With discs of the undoubted quality of this Serebrier release and an upcoming Naxos release of Stokowski’s Bach transcriptions to come, again with Serebrier and the Bournemouth Symphony Orchestra, the future looks bright. The other day I saw a posting on a message board that described listening to Stokowski’s transcription as, “a guilty pleasure.” I smiled to myself knowingly, fully understanding the sentiment about that wonderfully lush and rich ‘Stokowski Sound’.

As a former Stokowski protégé, the Uruguay-born conductor and composer José Serebrier, has the most impeccable credentials for recording Stokowski’s transcriptions. He worked closely with Stokowski from 1957 when he moved to the United States in order to study as apprentice to the great master, becoming his associate conductor for many years. The committee of the Leopold Stokowski Society approached José Serebrier with the suggestion that he take these scores into his repertoire and subsequently record them for Naxos, a project that was undertaken in September of 2004.
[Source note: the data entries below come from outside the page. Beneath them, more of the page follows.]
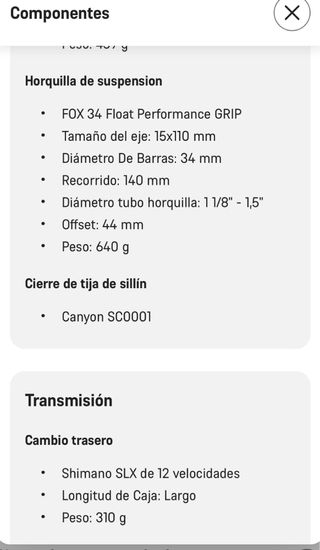 Bici MTB Canyon Neuron CF8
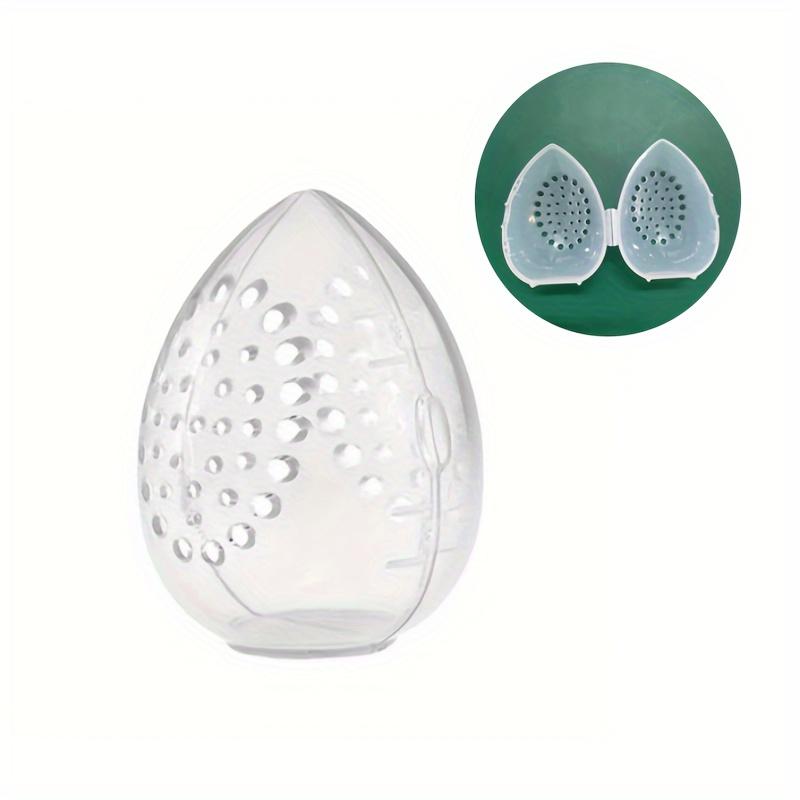 1pc/2pcs Makeup Egg Plastic Storage Box, Egg-shaped Makeup Puff and Sponge Display Rack - Stylish Storage Organizer with Ventilation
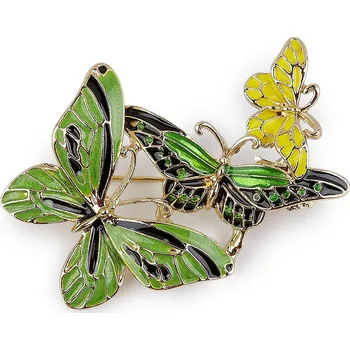 Brož Brož květ s včelou, motýlci, barva 4 zelená pastelová sv. motýl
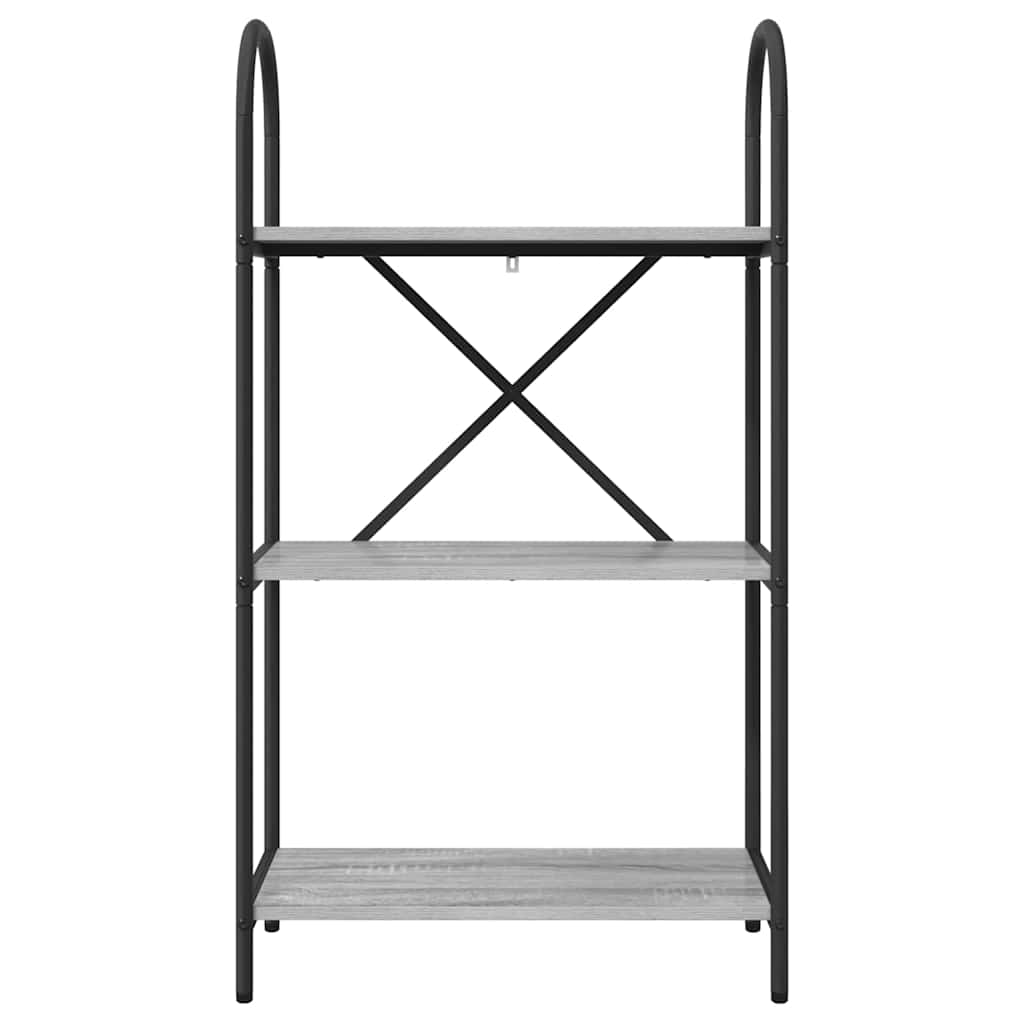 Könyvespolc 3 szintes 60 x 30 x 109 cm Szerelt fa Szürke Sonoma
Mussorgsky wrote the score to A Night on Bare Mountain in 1867. He produced a second, choral version in 1872 as his contribution to a projected collective opera, Mlada, and finally recast it in the form of a choral introduction for Act 3 of Sorochintsy Fair in 1873. The score to A Night on Bare Mountain or, to use its proper title, ‘Saint John’s Night on the Bare Mountain’ was inspired by a scene of a witches’ Sabbath in Nikolai Gogol’s demon-haunted story of St. John’s Eve. One of the reasons Leopold Stokowski decided to make his own orchestral version of Mussorgsky’s score was his endeavour to get closer to the original, bolder and wilder version, as opposed to Rimsky-Korsakov’s cleaner, more Westernised revision. In fact, Stokowski’s version is actually close to Rimsky-Korsakov’s in content and form, while faithful to the original Mussorgsky in the orchestration. The famous 1940 Walt Disney technicolor film proved to be a perfect showcase for Stokowski’s grandiose vision. This is a rich and colourful work and the Bournemouth Symphony Orchestra under José Serebrier are resolute throughout with a reading that is wild and exciting, bold and craggy, which perfectly fits the requirements of the score. At point 01:39-02:35 the mysterious introduction to the work has a Middle-eastern flavour. The orchestral effects are marvellously performed throughout, particularly the stunning crash of thunder at point 05:33 to 05:39. There is superbly rich and clear woodwind playing especially between points 04:32 to 04:49 and 07:08-08:42.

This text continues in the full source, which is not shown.